The time has finally come — you know, where I start assaulting you all, my poor readers, with my impressions of Star Wars: The Old Republic from general testing over the last five months, now that the NDA for testing has been lifted.

I do have plans to expand upon much of the following in future posts (as if only one gargantuan wall-of-text won’t be enough, right?) But there are quite a few thoughts I do want to toss up on here first. I took a bunch of notes throughout my testing experience, which are a mess right now and which I should really try to consolidate into something coherent. While I love the game and had a lot of fun testing, much of this ended up being the basis for the “constructive criticism” I offered up during feedback, so hopefully this impression piece will come across fair and balanced. I aim to be completely honest.

Overall Thoughts

You’ll probably hear this a lot, but it’s true — the first thing that came to my mind when I first played SWTOR was “Knights of the Old Republic Online”. That is, if I was forced to reduce my description of the game to a diminutive label. I don’t like to, but if I must.

I get the feeling that BioWare determined their target audience early on, and that was how they approached the game.
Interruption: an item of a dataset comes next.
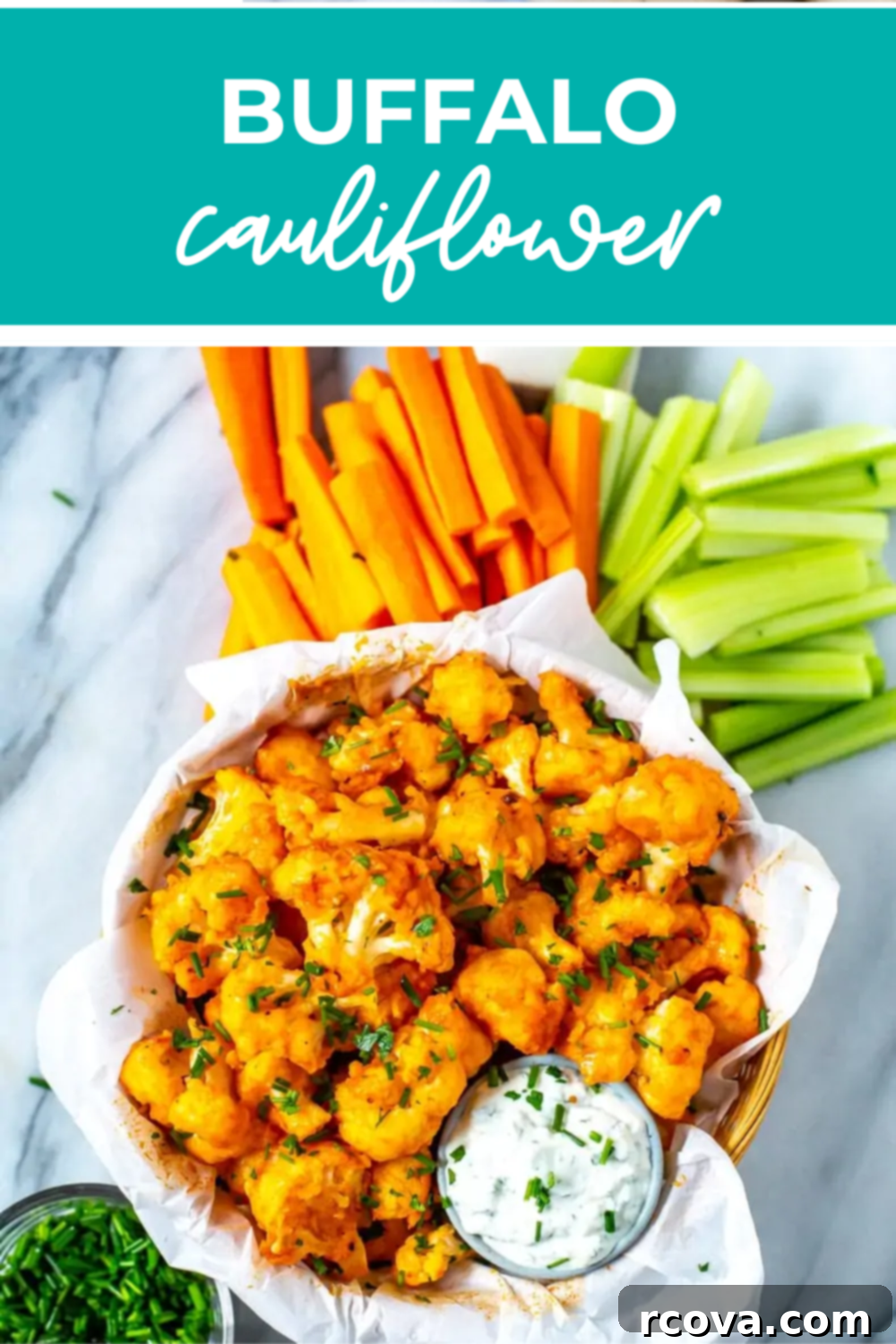 Spicy Baked Buffalo Cauliflower Wings 13 Overhead shot of bowl of buffalo cauliflower with carrots and celery for dipping.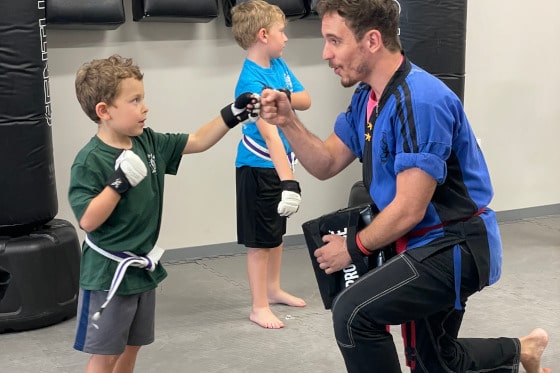 A young martial arts student with his instruction during a class in Action Karate.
What I mean is, this is an extremely linear MMO and it is never going to be anything but a theme park, so if you are into sandbox type games, it is not for you. Likewise, if you loved KOTOR and came to this expecting to recapture exactly the same single-player experience, it also won’t be for you. Despite what you might hear, SWTOR is a massively multiplayer online game. You can play this solo, but if you want to get the most of it, at some point you’ll have to interact with other people.
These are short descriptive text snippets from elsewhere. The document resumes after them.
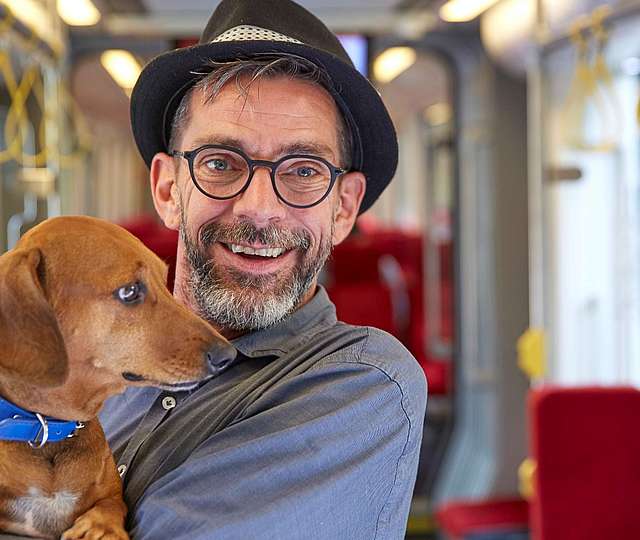 Ein älterer Mann mit Hut und Bart in einer Bahn hält einen Hund auf dem Arm.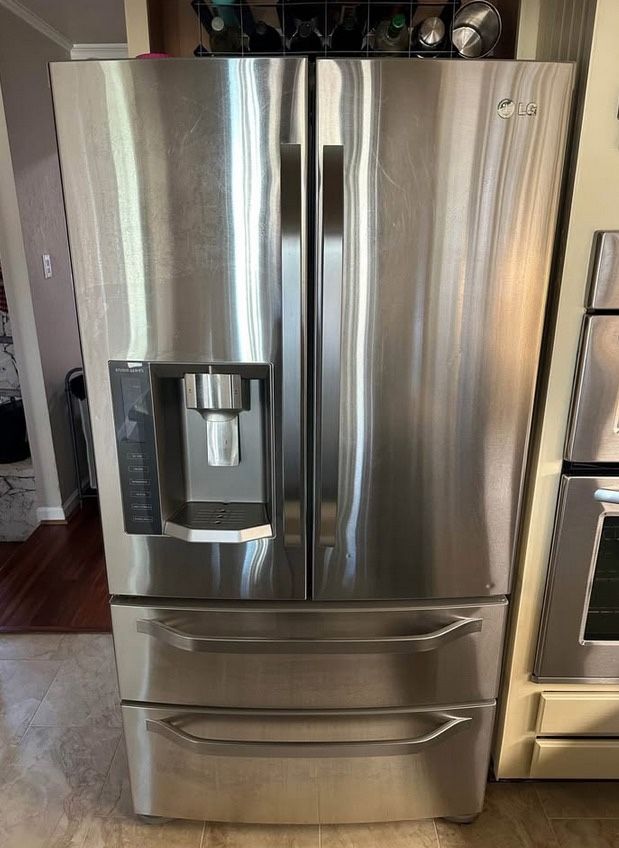 LG double door stainless fridge used like new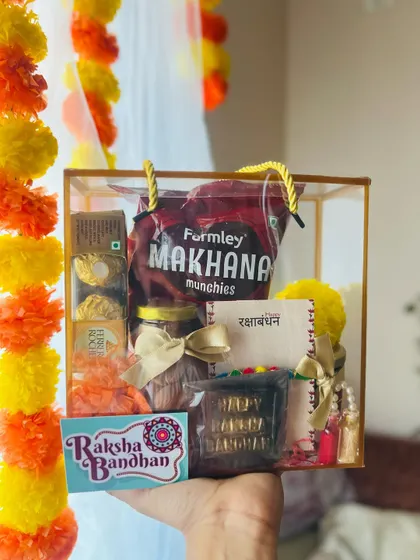 This clear box hamper includes a custom "Happy Raksha Bandhan" chocolate bar, adding a sweet personal touch.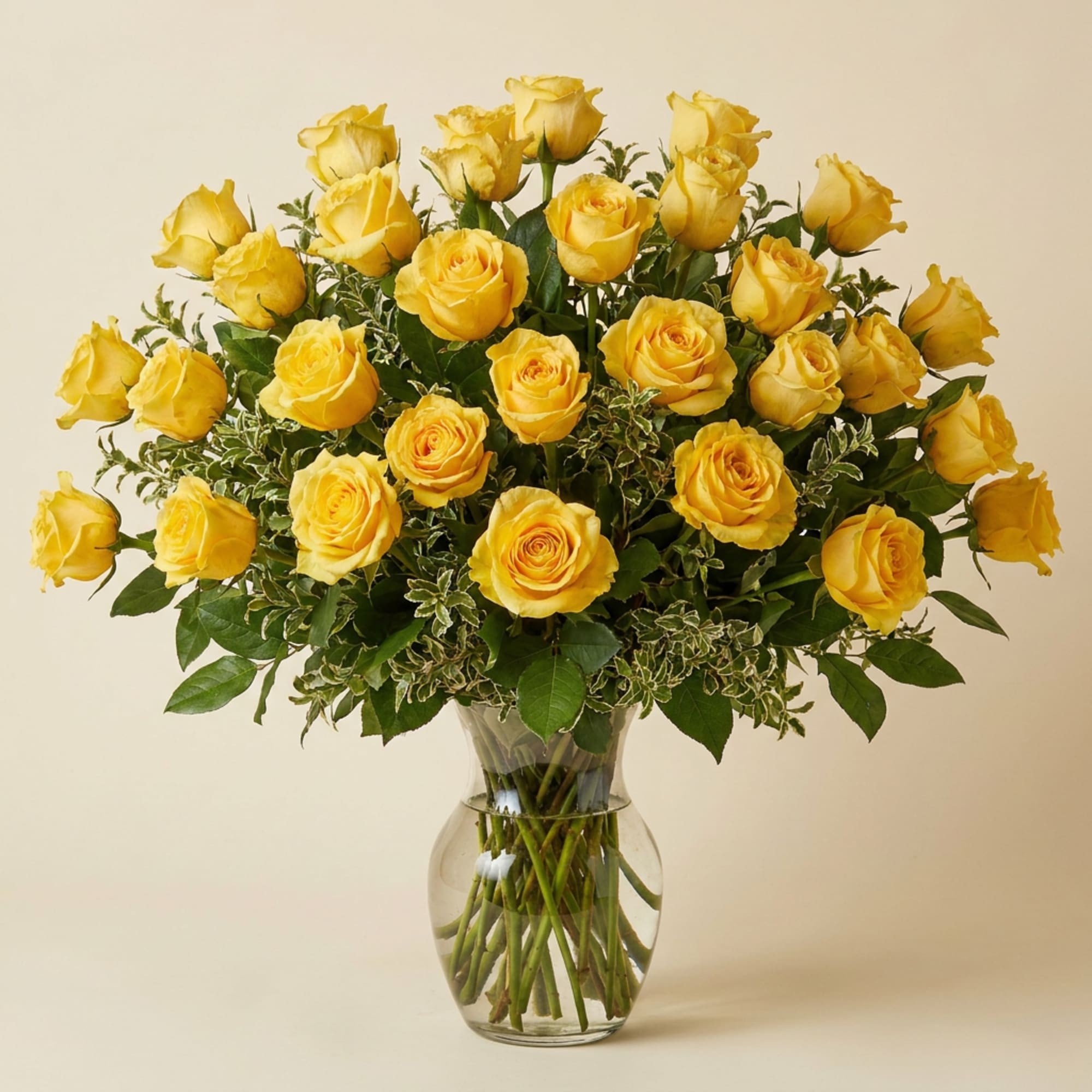 Bouquet of yellow roses in a clear glass vase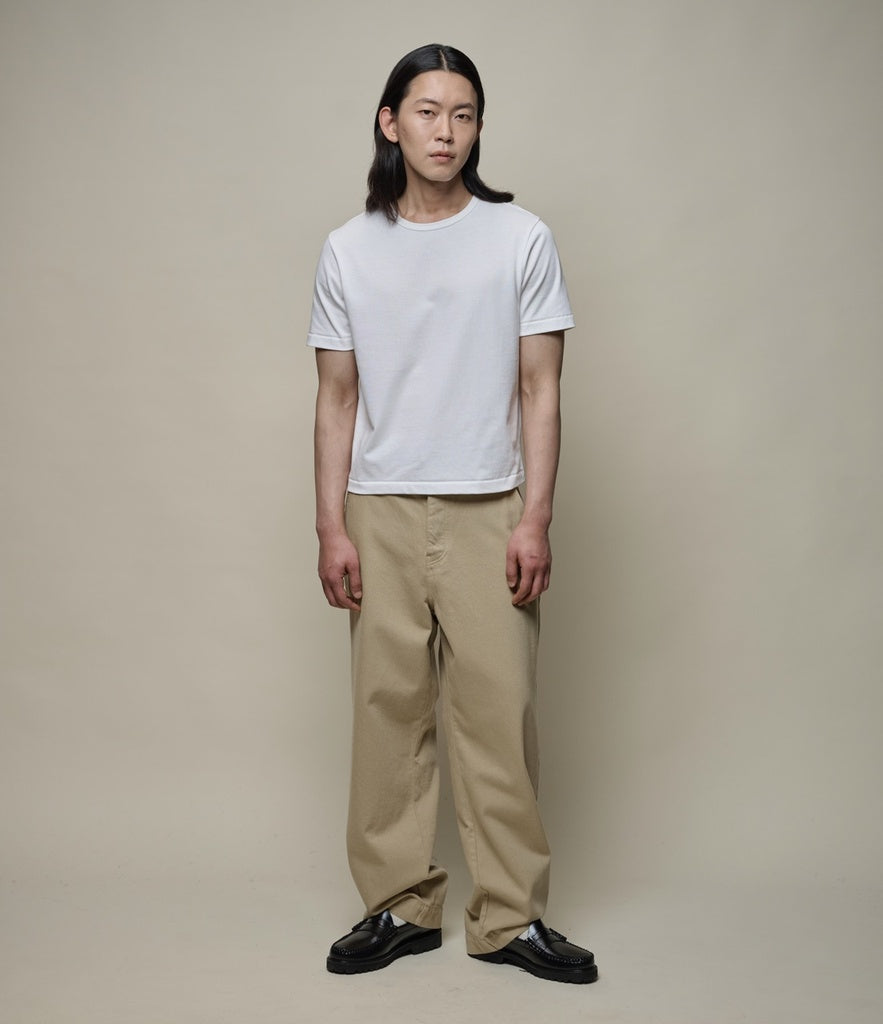 Man wearing cropped white T-shirt and beige pants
I think too many people will expect this to be an revolution and the next step in how MMO games are made, but if so, you’ll be disappointed. SWTOR is simply another iteration of the MMO, taking many things that work and making them better, but it’s by no means a complete redesign of the MMO philosophy. BioWare set their sights on one thing and went about to do that one thing very well — and that’s story. The focus isn’t so much on gameplay, but on the interaction behind it.
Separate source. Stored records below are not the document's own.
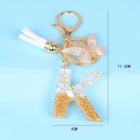 Llaveros Originales para Coche - Elegancia Blanca con Iniciales y Borla de Mariposa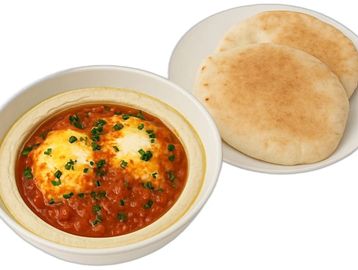 Rich tomato shakshuka with poached eggs over creamy hummus, served with warm, fluffy pocket pita.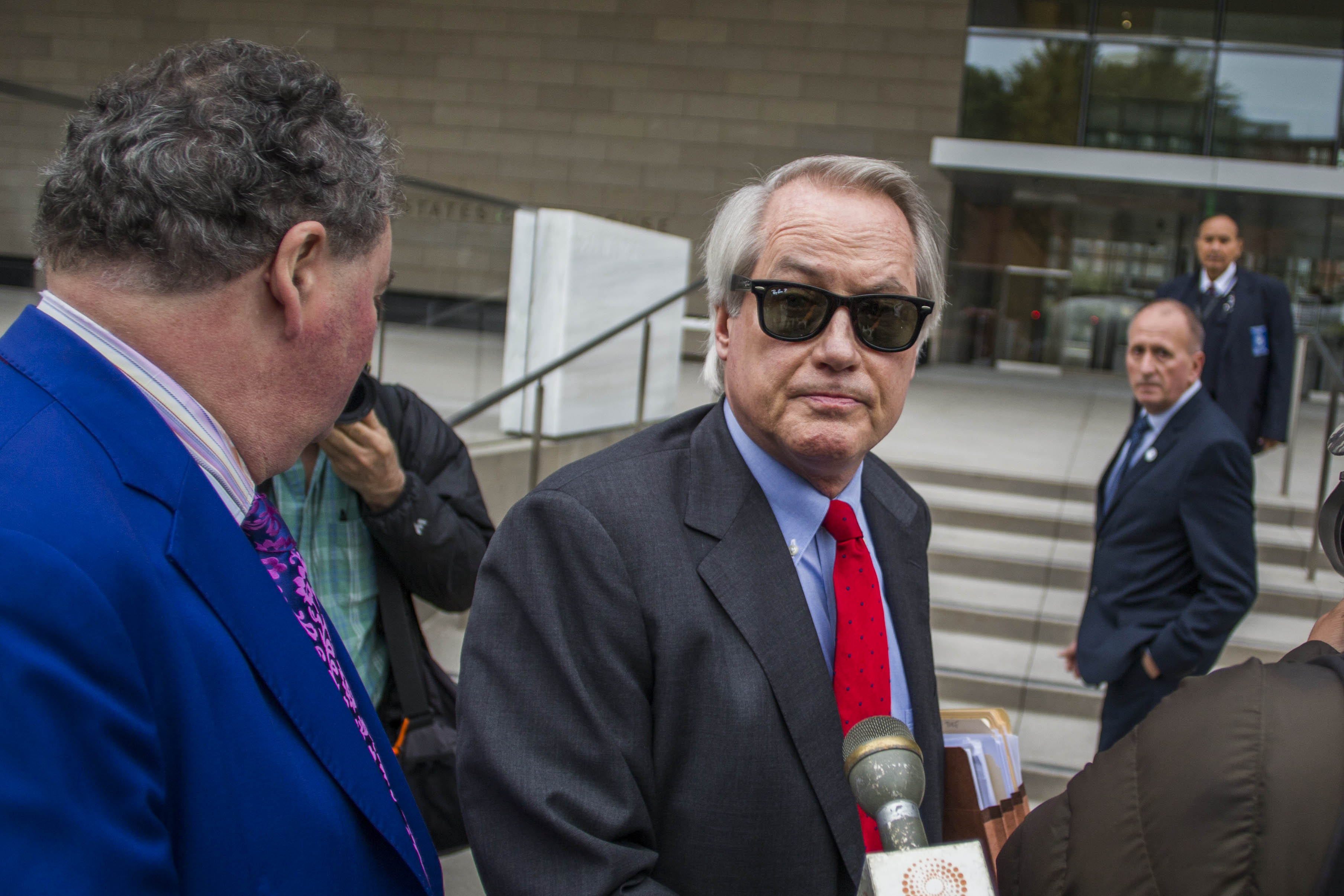 LOS ANGELES, CA - DECEMBER 03: British diver Vernon Unsworth; L, watches his attorneys; Mark Stephen; R, and L. Lin Wood; C, speaks to members of the media while they arrive at US District Court, Central District of California in Los Angeles, U.S. on December 3, 2019 in Los Angeles, California. The British diver sued the Tesla CEO Elon Musk over calling him "'Pedo Guy" and rapist. (Photo by Apu Gomes/Getty Images)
Now, with all those caveats out of the way, I’ll say this — I’m a gamer of fairly flexible tastes, and I have to say I thoroughly enjoyed every minute I had with this game. Despite some nitpicky issues I had, in general my overall view of SWTOR is extremely positive.

Character Creation

I’m happy to say I found it adequate, though customization options are still not as robust as I would like. APB or Age of Conan this is definitely not, but there will still be plenty of choices available for you to fiddle around with to make the chance of you running into someone else looking exactly the same as you very, very slim. You can also have apostrophes and hyphens in your character name — a small, trivial detail, but it made me happy nonetheless.

UI

Not a big fan, personally. But then again, I was coming off from playing Rift (which came with a highly customizable and flexible UI right out of the box) and for a couple months this year, World of Warcraft: Cataclysm (whose UI I modded up the wazoo). While I played, I yearned for more action bars and a way to move my modules around, and other little things like see-target-of-target. For now, it serves its purposes though, and I give it that it’s very neat and clean.

Advanced Classes

Each class branches off into two paths, and you choose one to follow once you reach level 10 or so. Your Advanced Class is a permanent choice that then determines your role for the rest of the game. I tested both ACs for the Trooper class, and I’m pleased to say the two paths offer up very different and varied styles of play. As a Vanguard, I also wasn’t only limited to defense and tanking; I could also choose to be more damage-oriented if I wanted. Same deal for the healing-capable Commando. It depends on how you allocate your skill points, and this part can easily be respecced.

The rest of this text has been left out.